Ben Shneiderman, a pioneering human-computer interaction researcher, offers this charming schematic for research project design in The New ABCs of Research. He calls it the “two parents, three children” pattern.

The challenge is similar to what learning scientists must do in designing educational interventions. In Principles and Methods of Development Research, Jan van den Akker offers a beautiful distillation of what a unit of progress looks like in that field (thanks to Sarah Lim for the pointer):
[Educational design] principles are usually heuristic statements of a format such as: “If you want to design intervention X (for the purpose/function Y in context Z), then you are best advised to give that intervention the characteristics A, B, and C (substantive emphasis), and to do that via procedures K, L, and M (procedural emphasis), because of arguments P, Q, and R [(theoretical emphasis)].”

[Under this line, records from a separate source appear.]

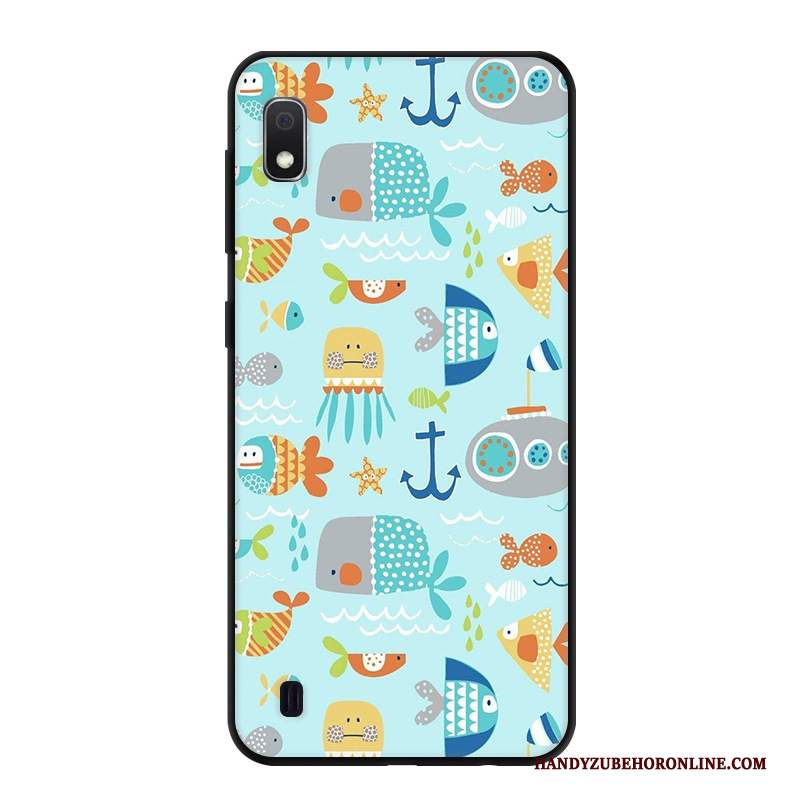 Custodia Samsung Galaxy A10 Anti-cadutatelefono, Cover Samsung Galaxy A10 Semplici Fresco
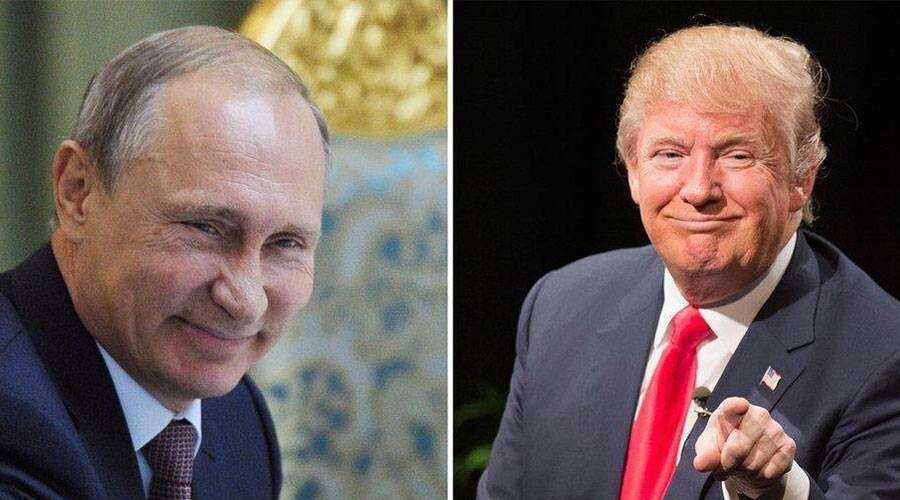 Путин снова появляется на передовой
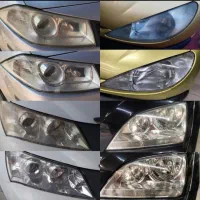 شفاف سازی چراغ جلو انواع ماشین های ایرانی وخارجی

The key thing it does is to explicitly connect the dots between a grounded theoretical claim, the implied design approach, and the desired outcome. I’m certainly wary of trying to fit all research into some kind of formula like this, but how clarifying it is to have this target painted so sharply! If you’re a researcher and you want to develop some new intervention, you need to design an experiment whose results can generate a statement of this kind.
I think that research cycles in tools for thought should strive to generate analogous statements. What are the consequences of our theories and our design decisions, the consequences which others can build on? Progress will mean being able to make lots and lots of fine-grained heuristic statements like “Retrieval practice systems should offer users the opportunity to retry a few minutes later when they fail to remember an answer [because I’ve run a controlled experiment and found that without that opportunity, lapses are about 10pp more likely to persist on the subsequent attempt].” But it will also important to be able to make big-picture statements about core mechanisms of systems, like “Intermittent follow-on review sessions can be used to change readers’ emotional relationship to written material in ways A, B, and C through authorial methods X, Y, and Z, as predicted by theory P, Q, and R and supported by experiments K, L, and M.”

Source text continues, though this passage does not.